El derecho a disentir
Vivimos en un mundo hipertrofiado de derechos. Hasta en los controles de seguridad aeroportuarios nos piden disculpas por hacernos quitar el cinturón, en vez de abroncarnos, como antes. También echar a los okupas de un edificio que han tomado por la brava cuesta un huevo.
Tenemos derecho a la enseñanza, a la salud, a prestaciones sociales de esto y de lo otro, a hablar a voz en grito por el móvil mientras otros viajeros intentan dormir en el tren,… Bueno, tenemos derecho a casi todo, porque lo que no podemos hacer es disentir del pensamiento oficialmente establecido, de lo políticamente correcto, de la moral progre imperante. Si lo intentamos, somos tachados en seguida de fachas, franquistas, retrógrados o cosas peores.
No me refiero ya al pin parental que se ha puesto de moda y que es opinable como todo, ni al ahora obligado lenguaje inclusivo, ni a las únicas actitudes aceptadas como correctas respecto al cambio climático, la ideología de género y hasta la política fiscal. Hablo, simplemente, del derecho a pensar uno por sí mismo, sea cual fuere su opinión o su discurso.

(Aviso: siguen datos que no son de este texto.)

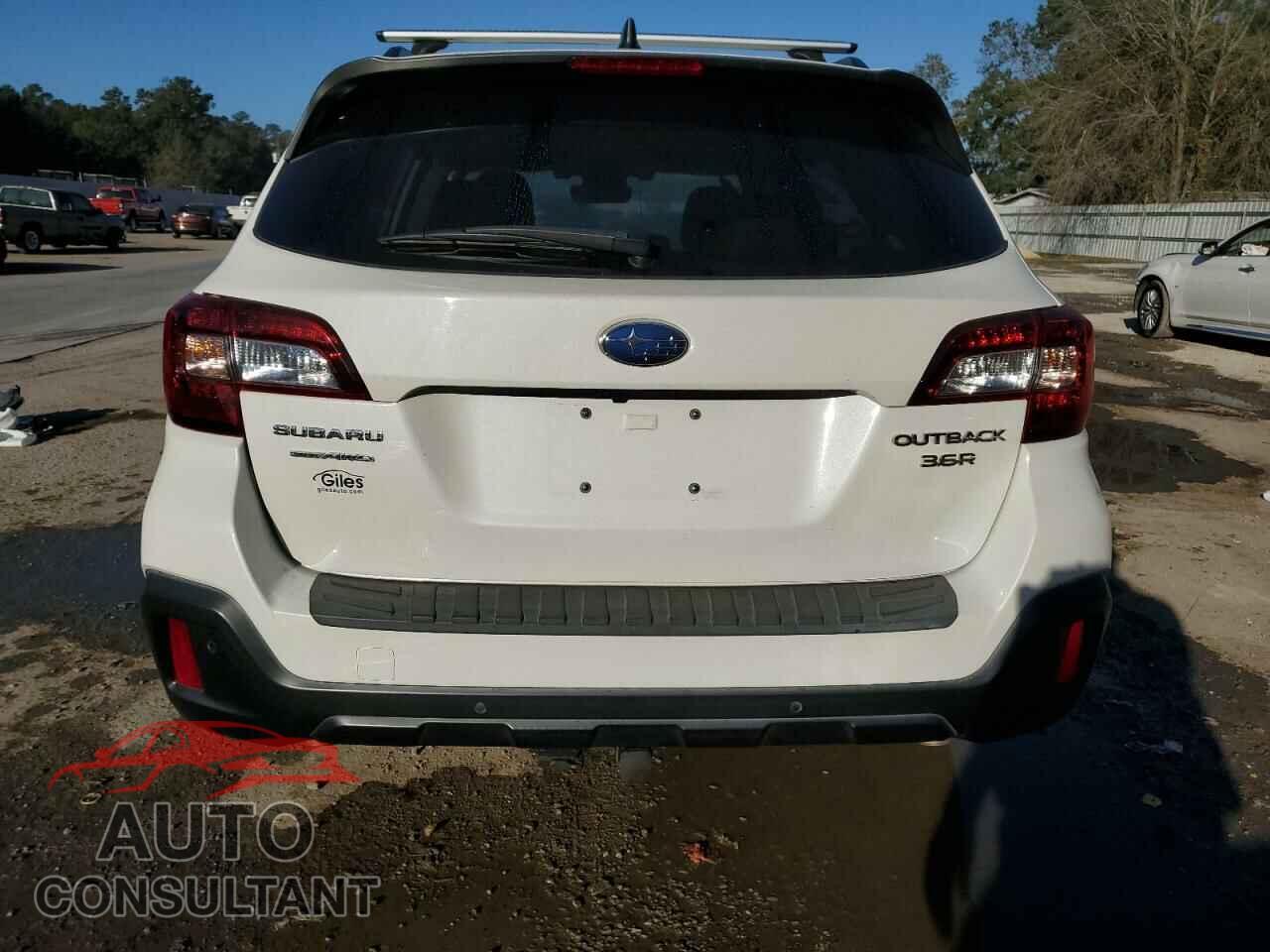SUBARU OUTBACK 2019 - 4S4BSETC2K3201322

Eso, que lo teníamos severamente prohibido durante el franquismo, que para eso nos decía lo que era correcto y lo que no, con graves condenas para imponerlo, se está convirtiendo en norma no escrita del poder imperante, con descalificaciones e insultos, apabullamiento mediático, prohibiciones, manifestaciones vociferantes y, ¡ah, paradoja! la calificación de intolerante, violento y fomentador del odio de quien simplemente quiere ejercer su libertad.
Fíjense. Los que padecimos y disentimos del franquismo ahora sólo queremos ejercer nuestro pacífico derecho a disentir. Ya ven con qué poco nos conformamos.